Exercise objective — Please give the entries again in full and exactly, without any picture.
___ Exercise material ___
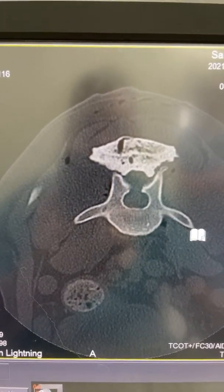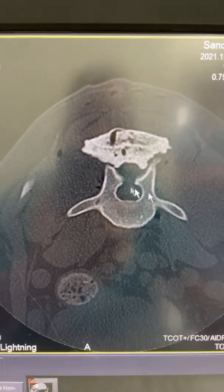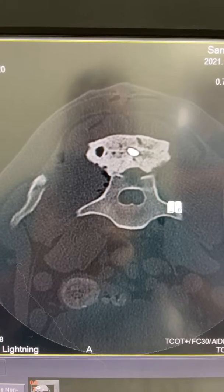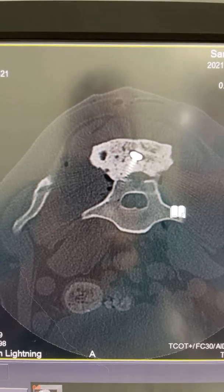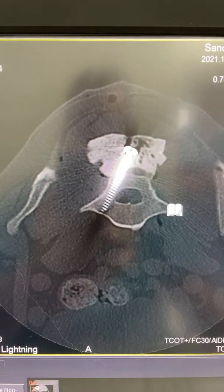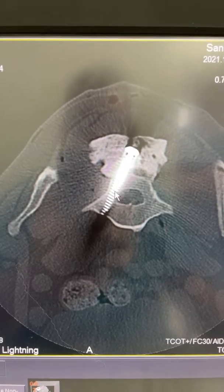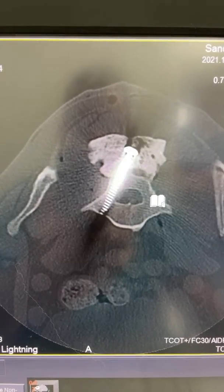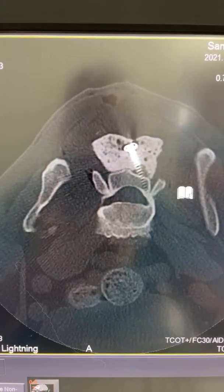Heading into the body of L7, we can see our dorsal laminectomy right here that we used to insert our stifle distractor. Heading farther back, that first screw is perfectly situated within the corridor in the body of L7, and the other one is again perfectly situated in the body of L7.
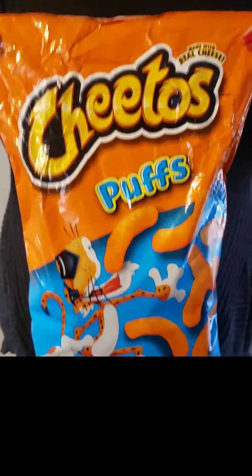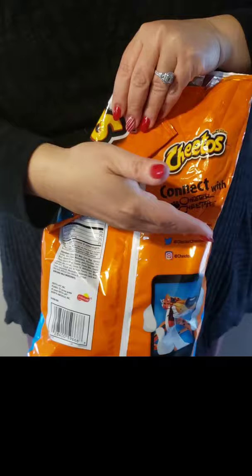No more bag clips and no more stale chips. Take your chip bag and fold one corner over all the way down to where your chips are.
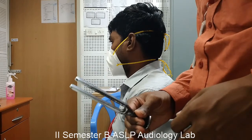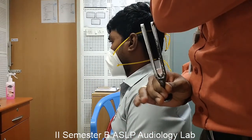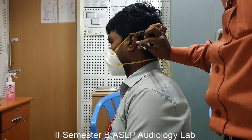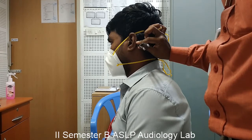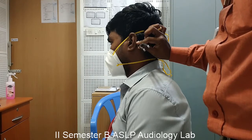The tuning fork has to be excited by striking the tips of the prongs on the elbow, and the base of the tuning fork is placed against the mastoid process. Now the subject will be hearing the sound through bone conduction mode. We need to wait till the subject stops hearing the sound through bone conduction.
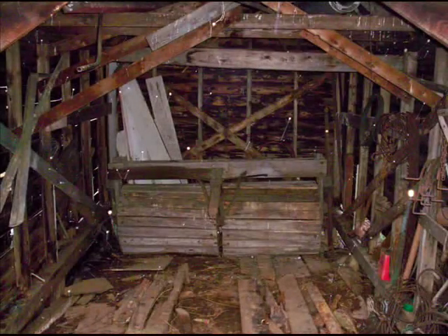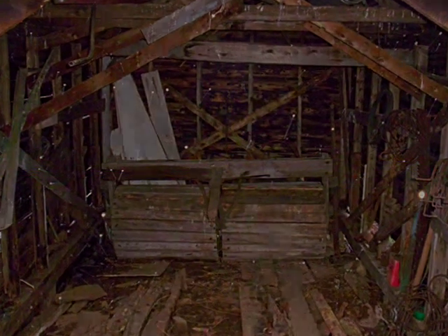The building that the roller was originally kept in is long gone, and the roller was only used up until the 1950s, lastly used to roll potato hills.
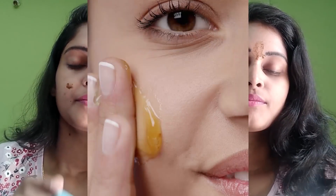I will apply these two ingredients. After 15 minutes, wash with normal water for 15 minutes. If you do this, you will get the best results.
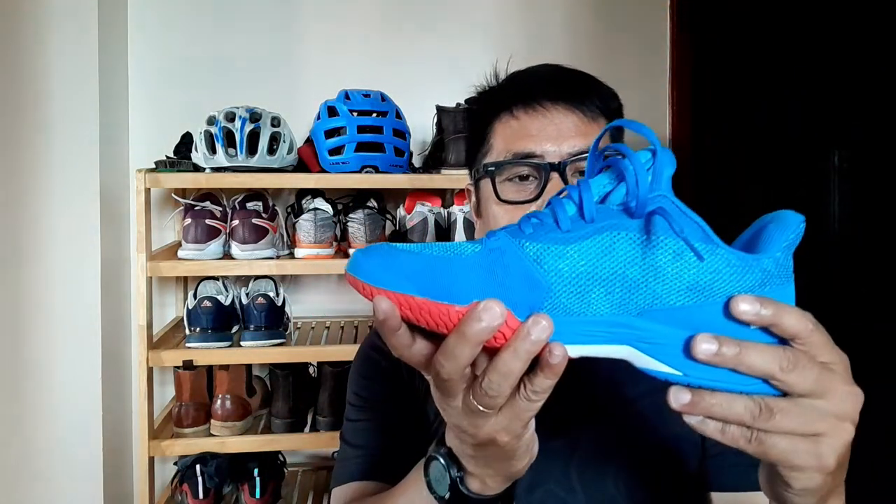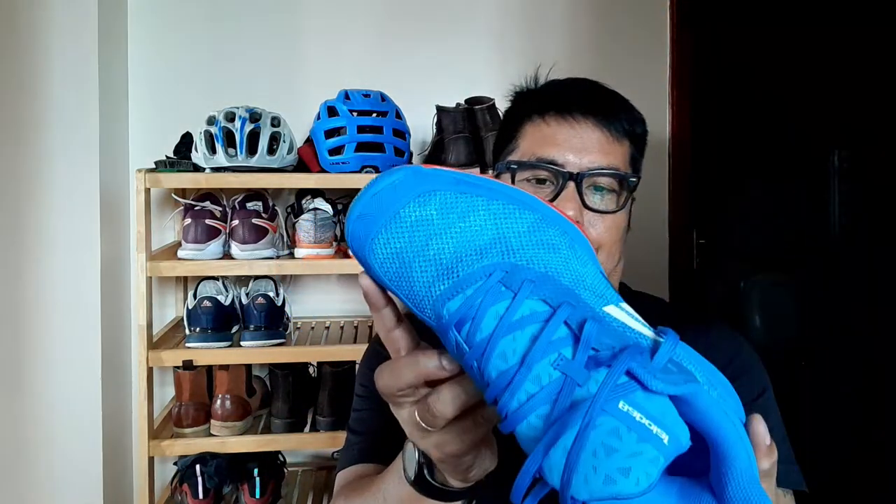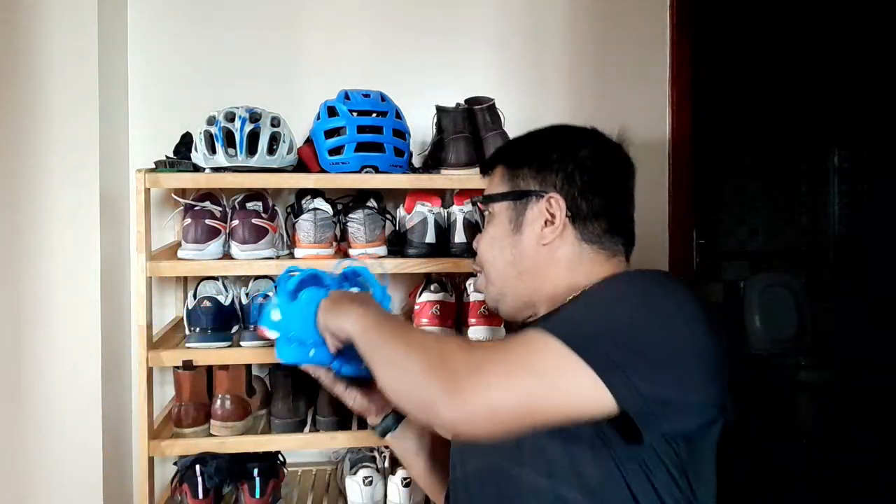The color is nice as well. For me, this is the best tennis shoe I've tried. For those who love playing tennis, I guess you should try this — it's really good. That's it, thank you very much.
___
Your response —
Heading into the body of L7, we can see our dorsal laminectomy right here that we used to insert our stifle distractor. Heading farther back, that first screw is perfectly situated within the corridor in the body of L7, and the other one is again perfectly situated in the body of L7.
No more bag clips and no more stale chips. Take your chip bag and fold one corner over all the way down to where your chips are.
The tuning fork has to be excited by striking the tips of the prongs on the elbow, and the base of the tuning fork is placed against the mastoid process. Now the subject will be hearing the sound through bone conduction mode. We need to wait till the subject stops hearing the sound through bone conduction.
The building that the roller was originally kept in is long gone, and the roller was only used up until the 1950s, lastly used to roll potato hills.
I will apply these two ingredients. After 15 minutes, wash with normal water for 15 minutes. If you do this, you will get the best results.
The color is nice as well. For me, this is the best tennis shoe I've tried. For those who love playing tennis, I guess you should try this — it's really good. That's it, thank you very much.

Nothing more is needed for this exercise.